Northwest Arkansas Democrat-Gazette
JP should be scrutinized for comments on masks
A recently circulated video shows Michelle Chiocco, a District 10 justice of the peace in Benton County, stand at a Benton County Republican Women’s meeting to announce she is a JP and has a response to covid-19 face masks being forced. During this speech, she likens the wearing of a face mask to that of a burka. I presume Michelle was intending to say the burka is forced on women and that a face mask is a slippery slope to being forced to wear it and being oppressed like Muslim women apparently are.
As a native Arkansan who also happens to be a Muslim who wears the headscarf, I have a few problems with Michelle’s statements. To be clear, the burka is a face covering that is private and personal and worn for solely religious purposes.
Because she wanted to leverage her position of power as a mechanism for gaining credibility, she should also be scrutinized for comments she makes while representing herself as a JP. Therefore, I felt it only right to hold her accountable for her comments to her superiors. Come to find out, as an elected official, there is no one who can hold her responsible for her comments, according to the county clerk’s office, the Arkansas Association of Quorum Courts and U.S. Rep. Steve Womack’s office.

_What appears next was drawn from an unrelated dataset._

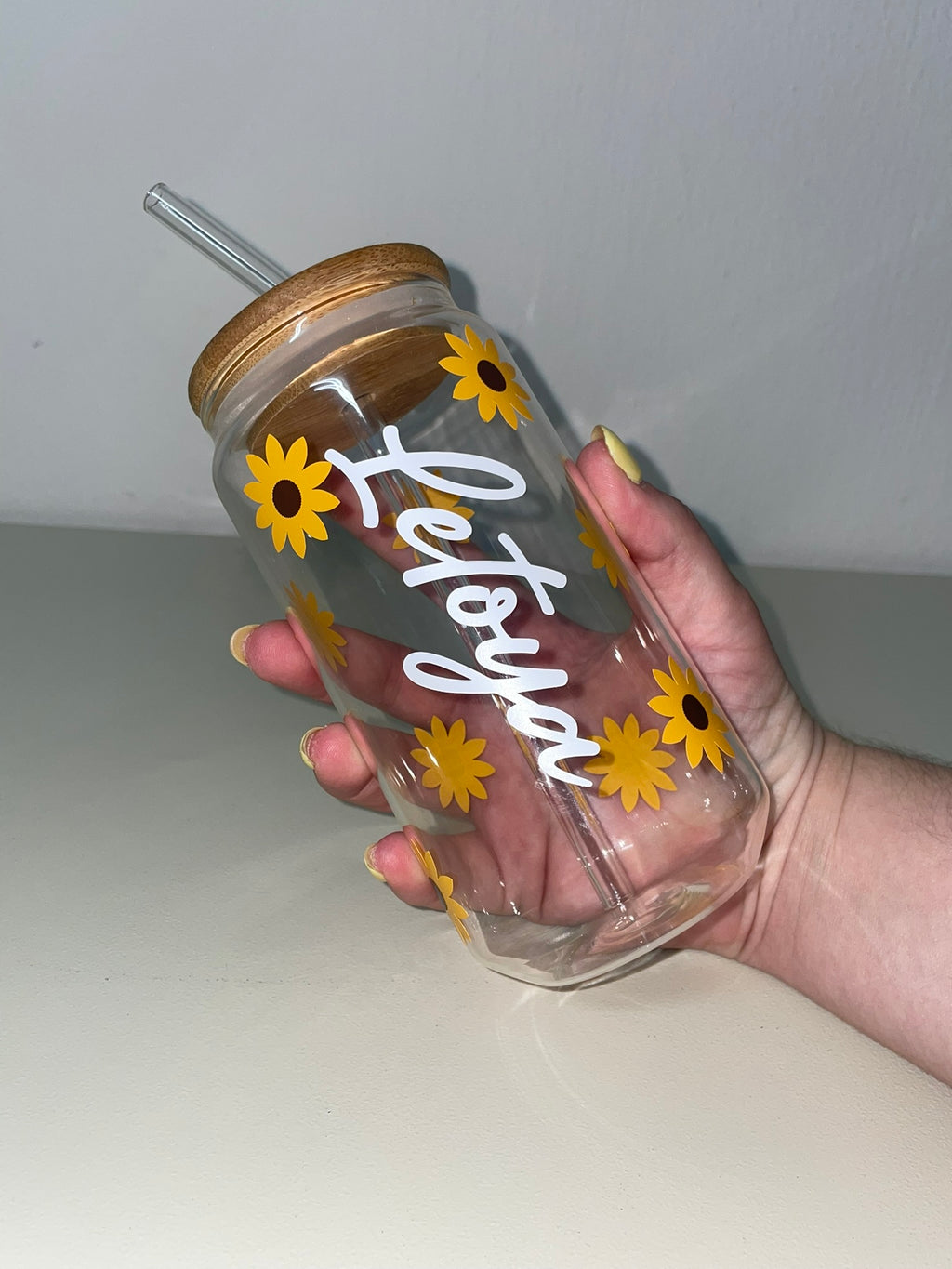 Vinyl Bamboo - Clear Glass Cups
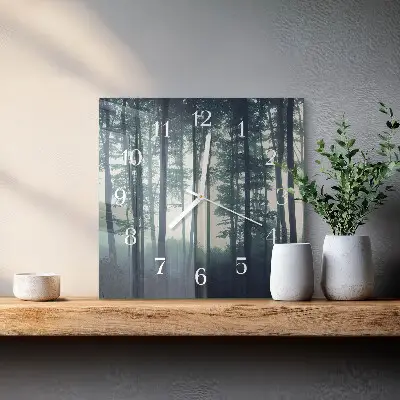 Quadratische wanduhr modern Nebelwald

First, how is it acceptable for a county official to isolate an entire group of people in our community by spreading misinformation about our religion and promoting fear of the unknown? Additionally, her statements break from the CDC guidelines by encouraging people to stop wearing face masks, as if she is a medical professional and knowledgeable about the spread of covid-19.
Second, her job title implies that she is supposed to promote peace. And I presume that her campaign was run on the basis of being a proponent of peace in our community. Her comments are divisive. As a Muslim-American woman, I expect when I am dealing with a member of the Quorum Court, I will be treated fairly and without bias.
Third, I find it abhorrent that elected officials have no mechanism for repercussions for their behaviors. So, if a JP got a DUI, who would hold them responsible then? No one? Do we as a community not have the ability to hold our elected officials responsible? This leaves the only option for repercussions being public scrutiny.
Do we as a community, find it acceptable to allow for a person in a position of power to isolate an entire group of people and spread false information and fear among our community? It also speaks to a bigger problem within our judicial system. When there is a bad seed inside of a system, it makes the community wonder why that bad seed thought they had the authority to act in the way that they did in the first place.